» **Required action**
Retype, word for word, the line holding "Cata de vinos" and each line after it down to the end of the data; pictures are not copied.
--- Data shown Enclosed Below ---
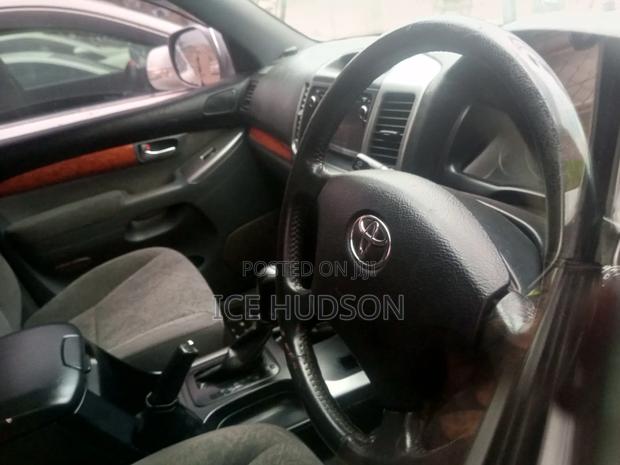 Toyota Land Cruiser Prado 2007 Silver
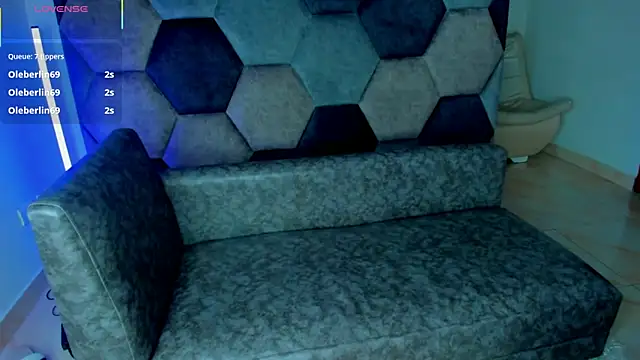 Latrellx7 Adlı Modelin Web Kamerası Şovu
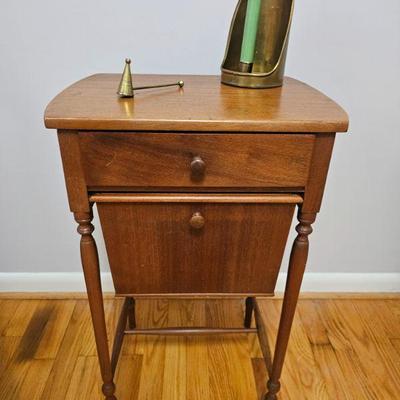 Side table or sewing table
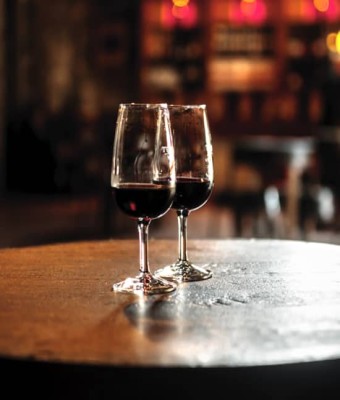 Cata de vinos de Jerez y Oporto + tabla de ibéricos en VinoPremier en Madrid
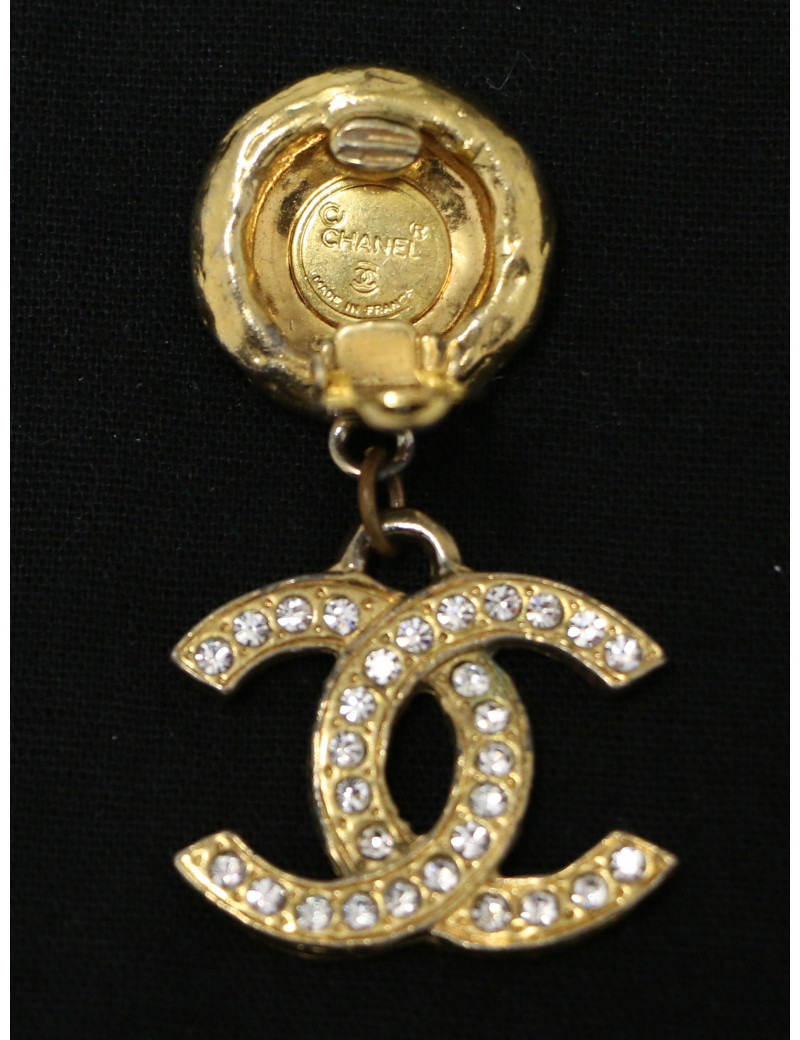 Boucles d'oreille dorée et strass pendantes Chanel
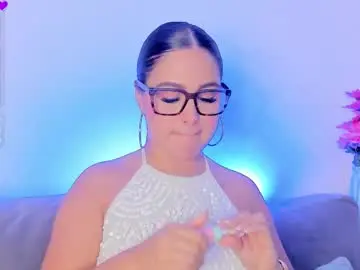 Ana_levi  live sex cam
--- End of Enclosed Data shown ---
» **Expected output**
 Cata de vinos de Jerez y Oporto + tabla de ibéricos en VinoPremier en Madrid
 Boucles d'oreille dorée et strass pendantes Chanel
 Ana_levi  live sex cam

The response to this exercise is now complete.